Data in this exercise:

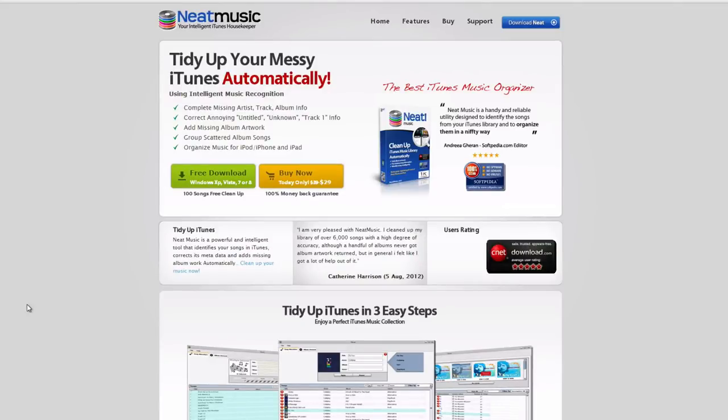What's up everybody? This is Andy with My Tech Methods and in this video I will be showing you how to clean up your iTunes library.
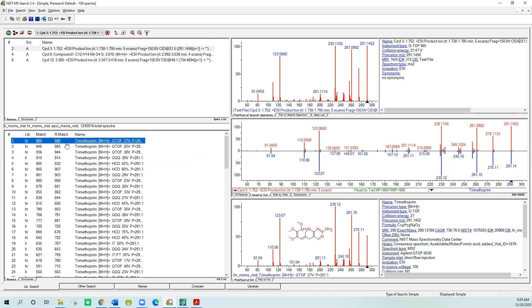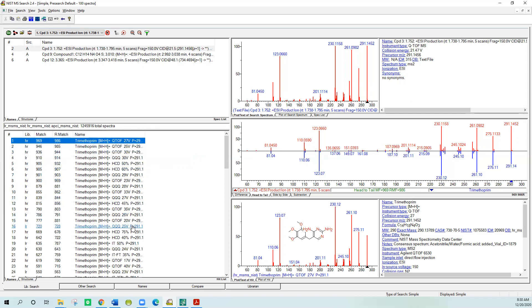But I did search all of those. You can see that it found lots of entries for trimethoprim, and you can see they're just a lot in the NIST library. They'll have it at a lot of energies, just because in general MS-MS spectra are not real reproducible because of the different energies. So they just look at a lot of different energies and they add a lot of different energies to the library. But there's a lot of them to look at here.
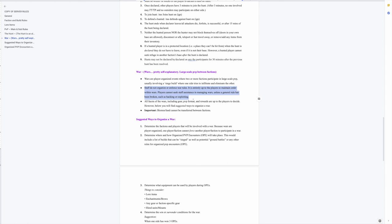So staff do not organize or enforce war rules. It is entirely up to the players to maintain order within wars. Players cannot seek staff assistance in managing wars unless a general rule has been broken such as hacking or exploiting. So if you decide you want to do a war with another player, it's up to you and that other player or faction to figure out what your rules are going to be and how you're going to enforce them and what style you want to do it in.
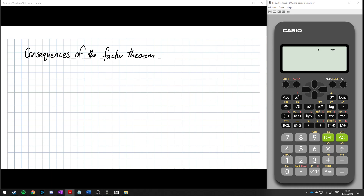In this video we're going to look at some of the consequences of the factor theorem. As we learnt before, the factor theorem says that if we find a zero of a polynomial, then x minus that zero is a factor of that polynomial. There are about six or seven different little theorems, and we're going to break that up over three videos in this sub-series.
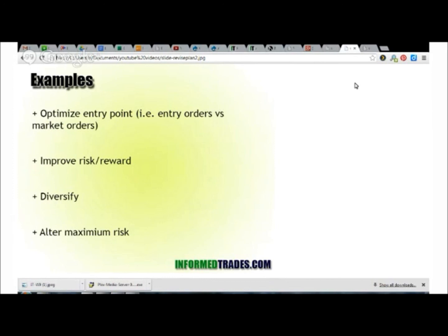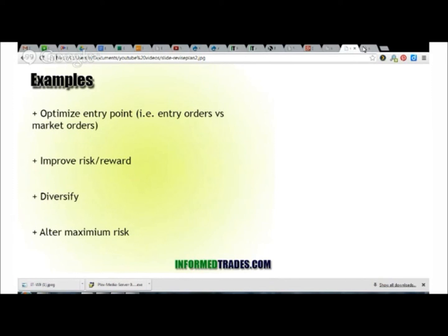Those are just some examples to illustrate, but in all those instances it really goes back to having the plan, having the journal, and then just logging your trades and seeing what's working, what's not working — and you can optimize and tweak from there. That's about it. A lot of this is pretty common sense; I just wanted to share my take. If there's anything you want to add, join us at InformedTrades.com. Thanks.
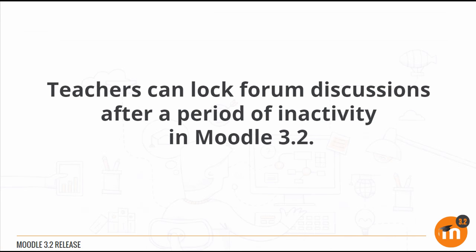To summarise, teachers can lock forum discussions after a period of inactivity in Moodle 3.2.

Exercise objective: From the line holding "Those are just" down to the final line of the entries above, print every line exactly. Pictures do not go in.

Exercise result:
Those are just some examples to illustrate, but in all those instances it really goes back to having the plan, having the journal, and then just logging your trades and seeing what's working, what's not working — and you can optimize and tweak from there. That's about it. A lot of this is pretty common sense; I just wanted to share my take. If there's anything you want to add, join us at InformedTrades.com. Thanks.
To summarise, teachers can lock forum discussions after a period of inactivity in Moodle 3.2.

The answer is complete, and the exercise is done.